About tires: There are very real differences between
auto tires and trailer tires. First, auto tires must
maintain traction during all road and driving maneuvers,
cornering, braking, etc., so they must have flexible sidewalls to maintain
traction.
Trailer tires need no traction except when the trailer brakes are applied,
so they are built for high speed durability and bruise
resistance under heavy loads.
They are usually bias-ply instead of radial construction. When automotive tires
are used on trailers, they can increase sway because of the sidewall flexibility.
Another difference is that automotive tires are built to provide a comfortable
ride, whereas special trailer tires (ST) are built for durability. Finally,
most RVs are out of service for long periods of time,
and when they are used, they’re
carrying heavy loads during very hot weather.

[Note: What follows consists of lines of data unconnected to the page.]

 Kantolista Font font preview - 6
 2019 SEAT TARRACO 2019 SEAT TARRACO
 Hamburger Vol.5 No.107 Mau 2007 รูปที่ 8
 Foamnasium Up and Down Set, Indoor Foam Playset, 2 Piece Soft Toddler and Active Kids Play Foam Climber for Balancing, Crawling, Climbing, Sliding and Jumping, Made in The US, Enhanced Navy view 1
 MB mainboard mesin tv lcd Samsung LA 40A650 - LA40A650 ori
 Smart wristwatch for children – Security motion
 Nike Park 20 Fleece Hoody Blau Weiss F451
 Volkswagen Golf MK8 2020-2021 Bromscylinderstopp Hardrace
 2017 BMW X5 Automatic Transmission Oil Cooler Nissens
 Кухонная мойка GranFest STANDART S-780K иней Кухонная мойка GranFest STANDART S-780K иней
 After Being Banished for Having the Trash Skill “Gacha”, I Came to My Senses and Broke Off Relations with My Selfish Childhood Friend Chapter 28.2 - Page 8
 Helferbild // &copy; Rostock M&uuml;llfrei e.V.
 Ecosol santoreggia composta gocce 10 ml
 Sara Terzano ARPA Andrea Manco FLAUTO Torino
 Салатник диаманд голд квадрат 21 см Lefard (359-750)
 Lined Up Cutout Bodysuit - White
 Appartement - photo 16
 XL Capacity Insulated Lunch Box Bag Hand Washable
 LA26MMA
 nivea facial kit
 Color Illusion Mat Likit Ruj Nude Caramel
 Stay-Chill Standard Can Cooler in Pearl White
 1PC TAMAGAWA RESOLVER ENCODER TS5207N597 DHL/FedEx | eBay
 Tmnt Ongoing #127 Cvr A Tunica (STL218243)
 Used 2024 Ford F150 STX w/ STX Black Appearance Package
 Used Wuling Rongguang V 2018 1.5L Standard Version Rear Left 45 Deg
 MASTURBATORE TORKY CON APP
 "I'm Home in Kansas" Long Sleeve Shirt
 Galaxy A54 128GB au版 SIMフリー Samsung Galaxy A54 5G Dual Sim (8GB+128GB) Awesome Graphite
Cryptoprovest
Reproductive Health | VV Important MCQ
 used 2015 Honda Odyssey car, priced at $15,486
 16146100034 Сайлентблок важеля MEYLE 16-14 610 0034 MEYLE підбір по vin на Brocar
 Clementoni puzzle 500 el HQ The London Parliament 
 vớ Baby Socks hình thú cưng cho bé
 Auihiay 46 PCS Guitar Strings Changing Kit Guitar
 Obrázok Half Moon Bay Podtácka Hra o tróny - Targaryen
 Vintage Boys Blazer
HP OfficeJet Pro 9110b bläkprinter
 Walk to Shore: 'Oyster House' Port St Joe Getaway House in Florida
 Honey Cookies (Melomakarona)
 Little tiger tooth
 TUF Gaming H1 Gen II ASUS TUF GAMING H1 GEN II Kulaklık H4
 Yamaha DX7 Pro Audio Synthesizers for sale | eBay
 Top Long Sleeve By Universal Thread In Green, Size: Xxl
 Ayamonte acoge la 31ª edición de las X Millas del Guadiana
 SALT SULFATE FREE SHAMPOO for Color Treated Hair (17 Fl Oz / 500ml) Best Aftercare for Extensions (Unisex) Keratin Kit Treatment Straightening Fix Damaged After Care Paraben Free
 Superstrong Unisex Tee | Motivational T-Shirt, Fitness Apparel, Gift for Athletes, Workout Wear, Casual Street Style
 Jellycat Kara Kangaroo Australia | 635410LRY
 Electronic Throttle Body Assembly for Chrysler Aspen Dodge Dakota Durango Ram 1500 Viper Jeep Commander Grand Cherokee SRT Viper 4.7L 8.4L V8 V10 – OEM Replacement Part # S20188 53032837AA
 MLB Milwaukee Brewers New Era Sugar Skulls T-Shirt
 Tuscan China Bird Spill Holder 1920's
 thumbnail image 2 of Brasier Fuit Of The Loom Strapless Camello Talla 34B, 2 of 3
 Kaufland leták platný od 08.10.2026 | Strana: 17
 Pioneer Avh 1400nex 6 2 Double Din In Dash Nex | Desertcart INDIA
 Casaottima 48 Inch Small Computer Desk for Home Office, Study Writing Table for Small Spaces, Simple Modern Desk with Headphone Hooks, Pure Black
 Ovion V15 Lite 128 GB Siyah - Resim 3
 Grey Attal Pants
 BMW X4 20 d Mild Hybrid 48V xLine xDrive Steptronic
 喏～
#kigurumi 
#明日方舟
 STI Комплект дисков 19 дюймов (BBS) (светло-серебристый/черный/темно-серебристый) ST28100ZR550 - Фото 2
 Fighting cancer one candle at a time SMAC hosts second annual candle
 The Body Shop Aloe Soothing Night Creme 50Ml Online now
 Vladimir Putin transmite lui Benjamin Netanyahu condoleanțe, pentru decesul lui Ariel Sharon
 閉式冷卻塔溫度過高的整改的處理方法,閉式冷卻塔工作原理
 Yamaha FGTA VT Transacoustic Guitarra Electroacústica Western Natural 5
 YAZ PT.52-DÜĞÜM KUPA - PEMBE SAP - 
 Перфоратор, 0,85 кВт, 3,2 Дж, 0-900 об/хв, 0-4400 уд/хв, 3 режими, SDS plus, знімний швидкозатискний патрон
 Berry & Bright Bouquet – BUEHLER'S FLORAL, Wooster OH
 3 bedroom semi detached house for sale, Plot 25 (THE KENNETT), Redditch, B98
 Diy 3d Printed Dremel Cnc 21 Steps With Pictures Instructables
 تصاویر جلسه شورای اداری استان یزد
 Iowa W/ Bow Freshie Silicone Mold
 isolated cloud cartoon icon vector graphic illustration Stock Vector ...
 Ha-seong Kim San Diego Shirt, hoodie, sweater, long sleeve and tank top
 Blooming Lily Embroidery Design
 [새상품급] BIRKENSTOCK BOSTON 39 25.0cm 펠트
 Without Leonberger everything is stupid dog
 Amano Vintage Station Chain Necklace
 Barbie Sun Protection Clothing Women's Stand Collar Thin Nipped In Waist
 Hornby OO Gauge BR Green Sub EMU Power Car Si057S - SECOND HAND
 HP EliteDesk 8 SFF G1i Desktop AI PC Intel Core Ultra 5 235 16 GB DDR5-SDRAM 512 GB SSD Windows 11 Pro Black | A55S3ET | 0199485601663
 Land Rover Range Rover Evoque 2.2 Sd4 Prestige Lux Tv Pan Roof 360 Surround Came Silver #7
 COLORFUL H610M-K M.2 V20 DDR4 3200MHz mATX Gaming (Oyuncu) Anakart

About that Sidewall: How old is the tire? On the sidewall you’ll find the
word “DOT” followed by an alphanumeric code. The last three digits
of this code tell the age. For example, if it says “DOT M20127,” the
last three digits reveal that the tire was manufactured in the 12th week of
1997. Of course, this doesn't indicate the decade, so you have to use a bit
of judgement
here.
Depending on the tire, you will find some or all of the following information
on the sidewall:
- CONSTRUCTION
TYPE _ Bias Ply vs. Radial
- APPLICATION TYPE _ (ST) Special Trailer, (P) Passenger
Car, (LT) Light Truck
- SIZE _ This can be shown in several ways:
- The Numeric System _ Sizes such as 4.80 X 8
are found on smaller trailer tires.
This indicates the tire
section width (4.80"), and the rim diameter (8").
Section width is the width of the tire at its widest point;
- The Alpha Numeric System _ This is common on
13 to15 inch trailer tires. Size B78 X 13C
indicates air chamber size (B), the 'Aspect
Ratio' (78),
the rim
diameter (13"), and the load range (C). The Aspect Ratio is determined
by dividing the height of a cross-section of the tire by the section width;
- The Metric System _ This is becoming very common.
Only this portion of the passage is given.